Of course I do Daniel. And I am not condemning you at all. Who decides the correct DNA on what it means to be reformed? Does every acronym of "reformed denominations adhere to the RPW? 

Again, my point was not to debate the RPW. I never heard of it until recently. The problem I have with defining a word,ie (reforemd) is that each person will add their own understanding, and you end up with a list of 50 things. Anyone who adheres to 49 is considered "less reforemd".. I guess I dont think about the question"WHat it means to be reforemd" too much. Too many splinters happen when you begin this quest. Look at the 30 acronyms of denominations now!!! And each believe they are reforemd. Let us strive to be biblical more than wearing the label of Reformed.

Again, If richard could weigh in on the intention of his post, it could settle matters. I ask the following.

1) Was the post intended to be a general comment about joining this board and agreeing to the rules

2) Was the RPW one of many that he mentioned.


In closing Daniel, I will bow out gracefully and allow you to have the last word. If you deem it necessary to debate the RPW with me, and if one denies it, then they are an enemy to the reformed definition, so be it. Make sure you include this on your "Reformed resume'" Becasue you are entering a very subjective territory. Once one begins the quest to define words in order to wear a label, it brings nothing but controversy. But enough from me, Ill end on the Inspired word;

*2:14Remind them of these things, charging them in the sight of the Lord, that they don't argue about words, to no profit, to the subverting of those who hear. *


*Rom 16:18 For they that are such serve not our Lord Jesus Christ, but their own belly; and by good words and fair speeches deceive the hearts of the simple.*


*1Ti 6:4 He is proud, knowing nothing, but doting about questions and strifes of words, whereof cometh envy, strife, railings, evil surmisings,*


----------



## Me Died Blue (Oct 22, 2007)

Amazing Grace said:


> Again, If richard could weigh in on the intention of his post, it could settle matters. I ask the following.
> 
> 1) Was the post intended to be a general comment about joining this board and agreeing to the rules
> 
> 2) Was the RPW one of many that he mentioned.

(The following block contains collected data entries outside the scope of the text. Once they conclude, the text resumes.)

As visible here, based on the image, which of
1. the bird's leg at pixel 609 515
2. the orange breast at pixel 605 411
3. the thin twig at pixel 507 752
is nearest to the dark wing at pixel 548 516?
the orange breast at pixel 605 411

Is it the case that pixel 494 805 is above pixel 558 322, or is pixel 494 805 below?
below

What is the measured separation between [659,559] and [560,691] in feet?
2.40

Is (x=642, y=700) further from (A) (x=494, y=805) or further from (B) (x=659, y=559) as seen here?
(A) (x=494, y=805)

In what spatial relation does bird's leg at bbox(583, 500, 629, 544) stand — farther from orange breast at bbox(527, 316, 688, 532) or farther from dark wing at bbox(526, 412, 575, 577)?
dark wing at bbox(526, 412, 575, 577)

I won't presume to answer for Rich, other than noting that in clarifying that the Regulative Principle is one of the basic positions of the board that people agreed with upon joining, Rich did so by reminding people that "this is a _Reformed_ board. In other words, yes, it is about the Regulative Principle as one of the things in the board's standards that people agreed to upon joining - but the _reason_ it is one of the board's standards is precisely _because_ it is a Reformed board, and indeed, all the historic Reformed confessional standards (including all those that are legitimate for board membership) espouse it as an essential part their doctrine of worship. In other words, with the question of whether it's about the RPW being part and parcel of historic Reformed theology or simply about the RPW being a stated part of the standards by which we allow participation on the board, the two answers are essentially the same - and it is the latter solely _because_ it is the former.



Amazing Grace said:


> In closing Daniel, I will bow out gracefully and allow you to have the last word. If you deem it necessary to debate the RPW with me, and if one denies it, then they are an enemy to the reformed definition, so be it. Make sure you include this on your "Reformed resume'" Becasue you are entering a very subjective territory. Once one begins the quest to define words in order to wear a label, it brings nothing but controversy.



Actually it is not at all subjective, because it is defined by the Reformed confessions, and by history. They serve as the very definition of Reformed theology since what they are at heart are the stated _beliefs_ or _confessions_ of all the Reformed churches - and what else other than _the Reformed churches themselves_ could possibly better define what "Reformed" theology means? Even though many of us initially _discover_ Reformed theology in a subjective, doctrine-by-doctrine way by means of personal studies on one issue after another, Reformed theology has existed as a specific system of thought within the visible Protestant churches ever since the Reformation, and is completely independent of which parts we happened to discover first or even believe to be most important. Indeed, the Reformed confessions and catechisms are every bit as clear about a specific Reformed doctrine of worship as they are about a specific doctrine of salvation, including the "five points," and even _Sola Fide_. There are some issues on which the Reformed confessions are largely silent (e.g. millennial views), and others on which they somewhat differ from one another (e.g., the marks of the visible Church, in the Three Forms of Unity versus the Westminster Standards), thus allowing for legitimate differences _within_ Reformed theology. But worship is not one of those things, by any of the confessional standards, and never has been. Indeed, any other doctrine of worship is truly just as foreign to Reformed theology (again, as objectively defined by the _standards_ of _the Reformed churches themselves_) as is, say, Arminianism.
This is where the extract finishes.